[[ MATERIAL FOR THIS TASK open ]]

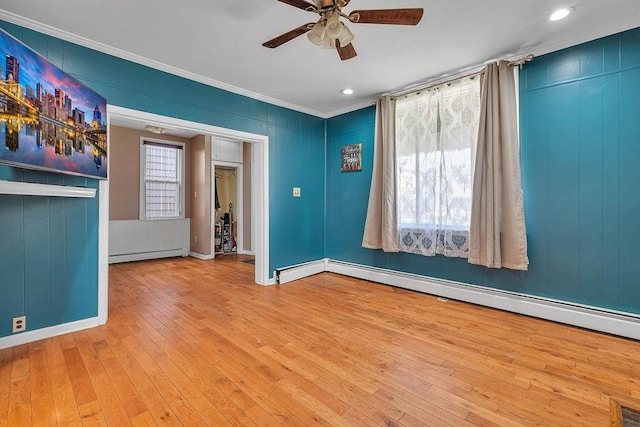 empty room with a baseboard heating unit, ceiling fan, crown molding, baseboard heating, and hardwood / wood-style flooring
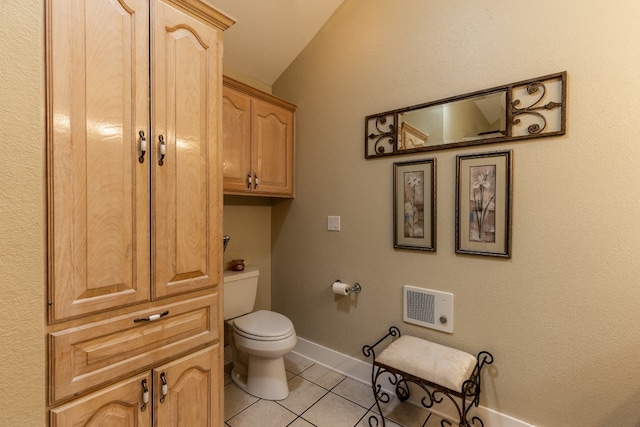 bathroom with tile patterned floors and toilet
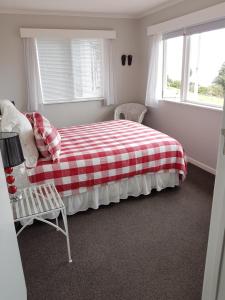TapuCoromandel Tapu - Beachfront Escape的一间卧室配有一张带红白色拼盘的床铺。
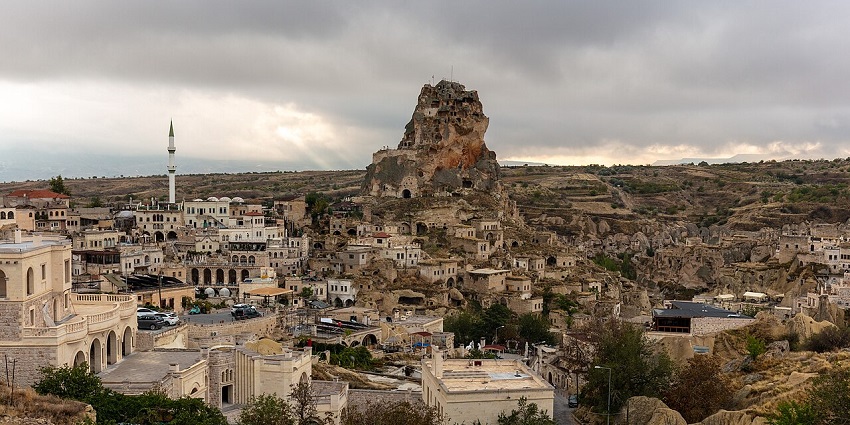 Ortahisar Castle in Cappadocia, Turkey, is carved into a tall, rugged rock formation.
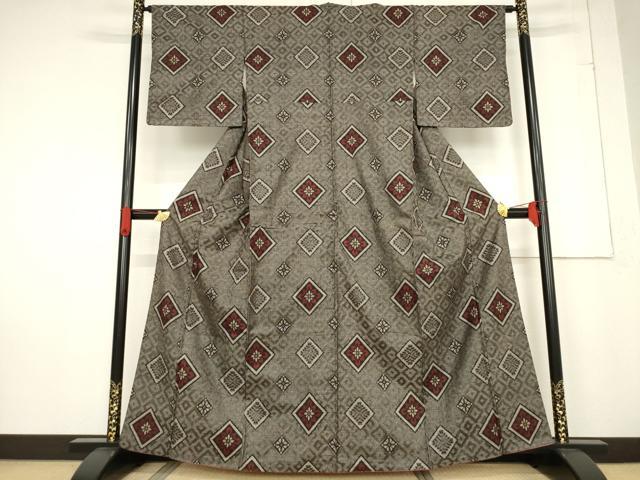 平和屋着物●本場大島紬　龍郷絣　花菱文　正絹　逸品　AABF0951ck
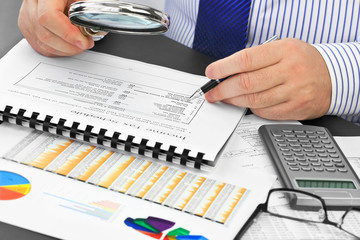 Businessman with pen and magnifying glass, analyzing  financial documents  in the office 
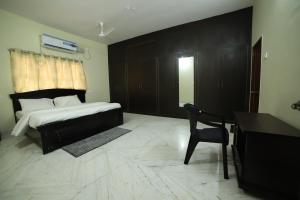 a bedroom with a bed and a desk and a chair at Royal Home Stay deluxe Room in Tirupati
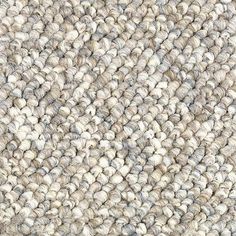 a close up view of the texture of a carpet with white and gray colors on it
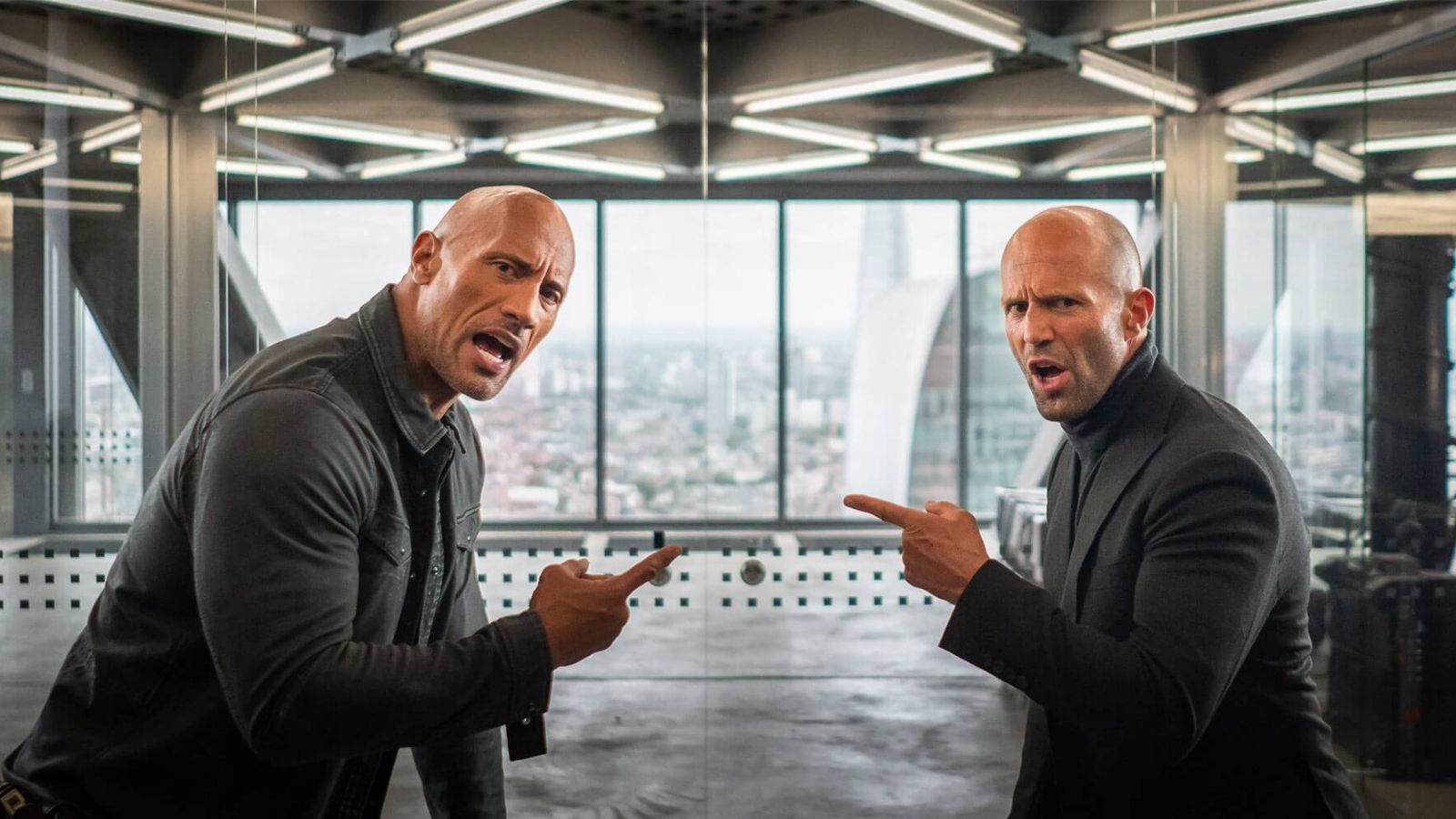 Dwayne Johnson and Jason Statham point aggressively to one another in Hobbs and Shaw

[[ MATERIAL FOR THIS TASK closed ]]

▸ **WHAT YOU SHOULD DO**: With the pictures left out, return each entry exactly as written.

▸ **REPLY TO THE TASK**:
 empty room with a baseboard heating unit, ceiling fan, crown molding, baseboard heating, and hardwood / wood-style flooring
 bathroom with tile patterned floors and toilet
TapuCoromandel Tapu - Beachfront Escape的一间卧室配有一张带红白色拼盘的床铺。
 Ortahisar Castle in Cappadocia, Turkey, is carved into a tall, rugged rock formation.
 平和屋着物●本場大島紬　龍郷絣　花菱文　正絹　逸品　AABF0951ck
 Businessman with pen and magnifying glass, analyzing  financial documents  in the office 
 a bedroom with a bed and a desk and a chair at Royal Home Stay deluxe Room in Tirupati
 a close up view of the texture of a carpet with white and gray colors on it
 Dwayne Johnson and Jason Statham point aggressively to one another in Hobbs and Shaw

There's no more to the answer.